Penurunan goverment spending juga terjadi pada kuartal pertama 2022 sehingga secara kumulatif pertumbuhan konsumsi pemerintah negatif 6,27%.
Kebijakan berhemat dalam belanja pemerintah tidak sejalan dengan belanja Rumat Tangga (RT) yang mengalami kenaikan 5.51%.
NARASI APBN EKSPANSIF, KENYATAANNYA KONTRAKTIF
Narasi bahwa APBN akan ekspansif ternyata tidak sesuai dengan kenyataannya.
Sebenarnya kuartal II 2022, perrtumbuhan ekonomi bisa tumbuh 7-8 persen manakala government spending (belanja pemerintah) diekspansikan 4-5% dari tahun lalu.
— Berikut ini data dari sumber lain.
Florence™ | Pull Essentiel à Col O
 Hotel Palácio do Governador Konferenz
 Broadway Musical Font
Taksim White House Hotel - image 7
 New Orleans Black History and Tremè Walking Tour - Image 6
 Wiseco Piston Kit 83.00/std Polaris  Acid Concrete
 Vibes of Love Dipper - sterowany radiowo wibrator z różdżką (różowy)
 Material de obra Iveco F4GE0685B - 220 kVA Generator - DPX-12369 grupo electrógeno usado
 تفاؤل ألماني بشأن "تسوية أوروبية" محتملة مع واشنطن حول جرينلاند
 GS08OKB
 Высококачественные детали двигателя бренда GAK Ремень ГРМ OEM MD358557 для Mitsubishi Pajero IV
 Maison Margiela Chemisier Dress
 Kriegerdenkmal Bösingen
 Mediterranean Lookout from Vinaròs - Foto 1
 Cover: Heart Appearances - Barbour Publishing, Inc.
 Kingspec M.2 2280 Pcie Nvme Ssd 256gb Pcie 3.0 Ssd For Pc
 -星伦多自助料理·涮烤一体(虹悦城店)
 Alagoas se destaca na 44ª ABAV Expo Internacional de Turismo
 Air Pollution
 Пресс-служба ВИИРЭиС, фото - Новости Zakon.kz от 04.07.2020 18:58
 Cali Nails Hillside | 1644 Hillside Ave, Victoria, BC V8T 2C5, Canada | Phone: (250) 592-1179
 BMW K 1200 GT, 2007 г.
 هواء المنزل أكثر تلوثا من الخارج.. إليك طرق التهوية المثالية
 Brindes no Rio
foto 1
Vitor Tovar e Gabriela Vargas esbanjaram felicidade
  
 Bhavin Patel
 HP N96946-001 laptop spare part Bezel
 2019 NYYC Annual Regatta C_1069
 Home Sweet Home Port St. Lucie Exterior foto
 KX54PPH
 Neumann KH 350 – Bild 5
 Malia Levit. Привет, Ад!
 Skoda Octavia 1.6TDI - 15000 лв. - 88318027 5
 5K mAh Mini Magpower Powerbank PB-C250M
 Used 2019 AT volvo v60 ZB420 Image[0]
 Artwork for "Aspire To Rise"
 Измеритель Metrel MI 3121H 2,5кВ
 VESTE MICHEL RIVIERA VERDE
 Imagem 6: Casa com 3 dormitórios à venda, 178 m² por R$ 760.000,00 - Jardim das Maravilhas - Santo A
Sayangnya belanja pemerintah malah -5,24 persen (yoy).
Anehnya, Pertumbuhan ekonomi yang tidak berkesan 5,44 persen tersebut diklaim sebagai prestasi karena APBN mengalami surplus Rp73,6 triliun pada kurtal II-2022 tersebut.
Menteri Keuangan (Menkeu) Sri Mulyani Indrawati mengatakan APBN surplus sebesar Rp 73,6 triliun pada kuartal II 2022. Menkeu mengklaim sebagai luar biasa positif.
Sri Mulyani mengatakan Realisasi APBN tahun 2022 telah berjalan selama satu semester. Pendapatan Negara mencapai Rp1.317,19 trilyun. Lebih besar dibanding Belanja Negara yang sebesar Rp1.243,60 trilyun. Dengan demikian dialami surplus sebesar Rp73,59 trilyun. Kondisi surplus nyaris tidak pernah dialami selama belasan tahun terakhir.
Klaim Surplus APBN Yang Menyesatkan
Tidak perlu seorang akuntan untuk memahami surplus APBN tersebut. Surplus APBN tersebut terjadi karena Pemerintah mengerem atau menghemat belanjanya dibandingkan tahun 2021 lalu.
Bukan disebabkan prestasi belanja yang optimal. Memang ada kenaikan penerimaan negara namun hal tersebut yang tidak signifikan dibandingkan capaian negara lain.